The report by the Chartered Management Institute (CMI) and wage analysts XpertHR surveyed more than 72,000 managers in the UK. It revealed that the earnings of men in management positions averaged at £39,136, compared to £30,162 for women managers.
The difference in pay equates to women working for free for one hour and 40 minutes each day.
General Secretary of the Trades Union Congress, Frances O’Grady, said requiring companies to publish pay gap information was not enough.
“The UK will never really address the problem of unequal pay until there are systems in place to expose and tackle the huge gap between what men and women doing similar jobs in the same workplaces are paid,” she said.
“The government’s move to require companies to publish pay gap information is positive, but it doesn’t go far enough.
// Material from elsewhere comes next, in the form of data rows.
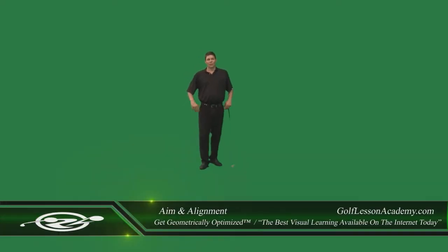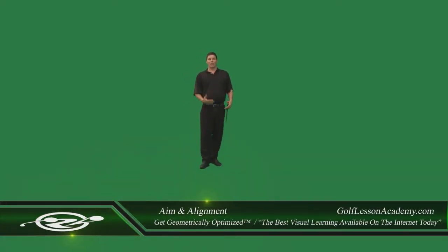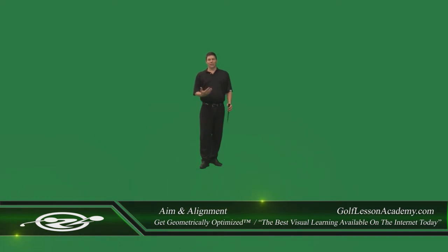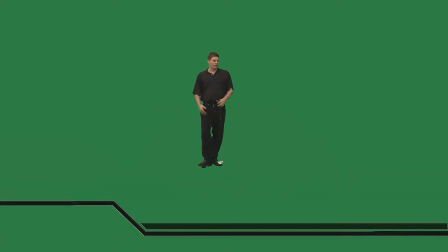Hey everybody, this is how we're going to learn how to aim our bodies correctly so that we can hit good shots.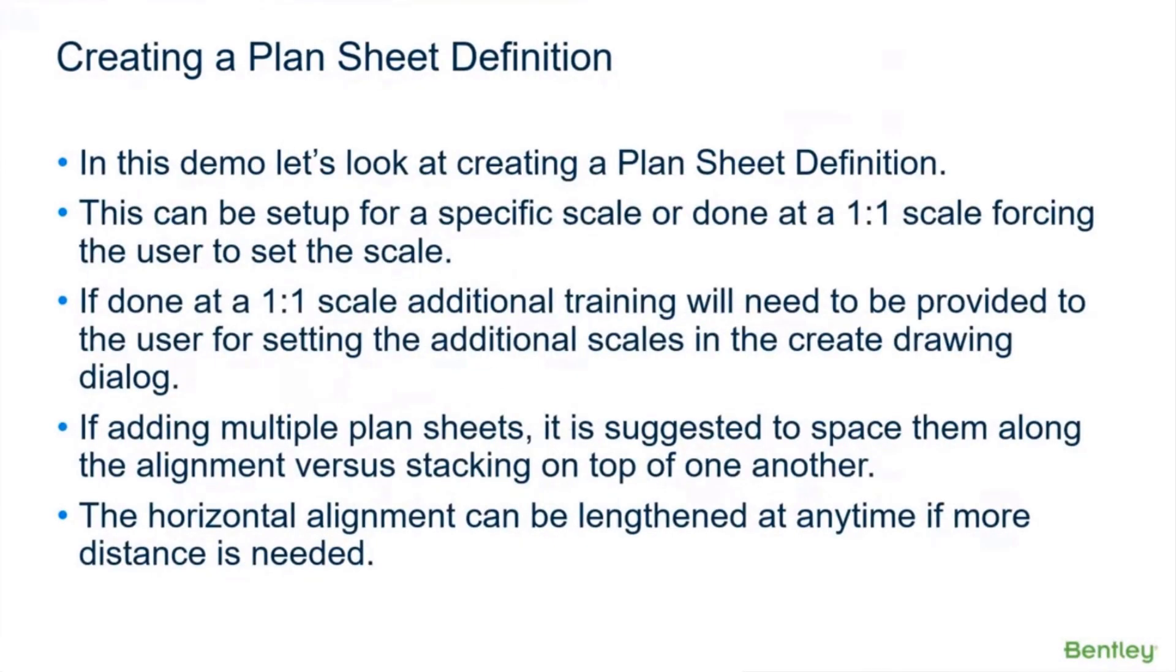We're going to create our first plan sheet definition. This could be review for some of you. It can be set up at a specific scale or one-to-one. As I said earlier, if you do it at a one-to-one scale, let's say you just make one sheet definition for plan sheets, you can do that.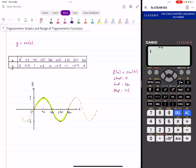Assalamu alaikum everyone. In this video I'm going to quickly show you how you can easily sketch trigonometry graphs and also find their range using the table function on your calculator. Let's see how it works.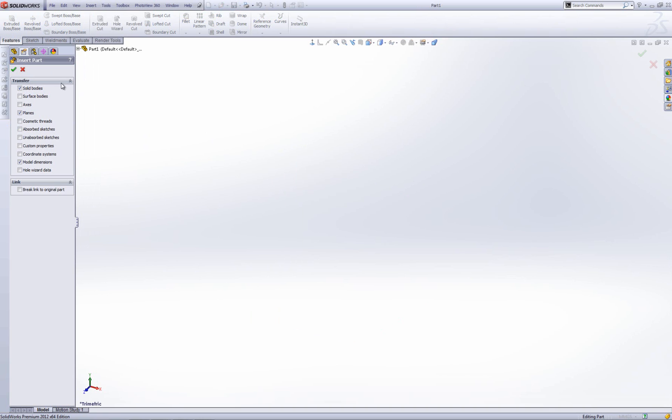It will then open a new part for me and it's going to add in a number of options depending on what I tick here. So I'm going to put solid bodies on, I'm going to leave that on the planes and model dimensions. I also have an option here to break link to the original part. So when it adds in this model, this mirrored model into this part file, if I click this break link to original part, it's going to be independent.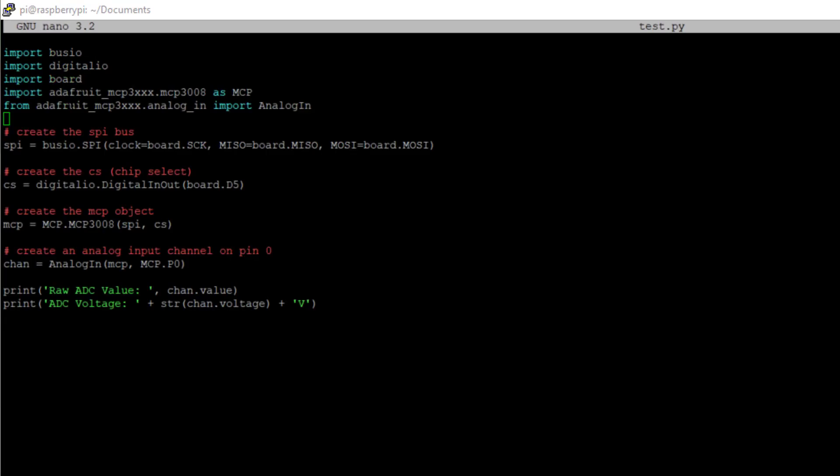We first import the needed libraries. The SPI bus is declared with the right GPIOs. We define the cable select pin that is needed for the SPI as well. We then create the MCP object out of the library.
We need pay transparency and equal pay audits, and a requirement on companies to act on the data to close the gap.”
Men and women must be given equal treatment in the workplace if they are employed to do work that is the same or similar, is of equal value in terms of skill, effort or decision making, or has been rated as equivalent through a job evaluation study.
If you are concerned about your pay, you should ask your employer if there is a pay difference and the reason for this. If the problem cannot be resolved informally or through the grievance procedure it may be possible for you to take legal action, depending on the circumstances.
You can bring an employment tribunal claim while still working in your job, or within six months of leaving the job to which your claim relates.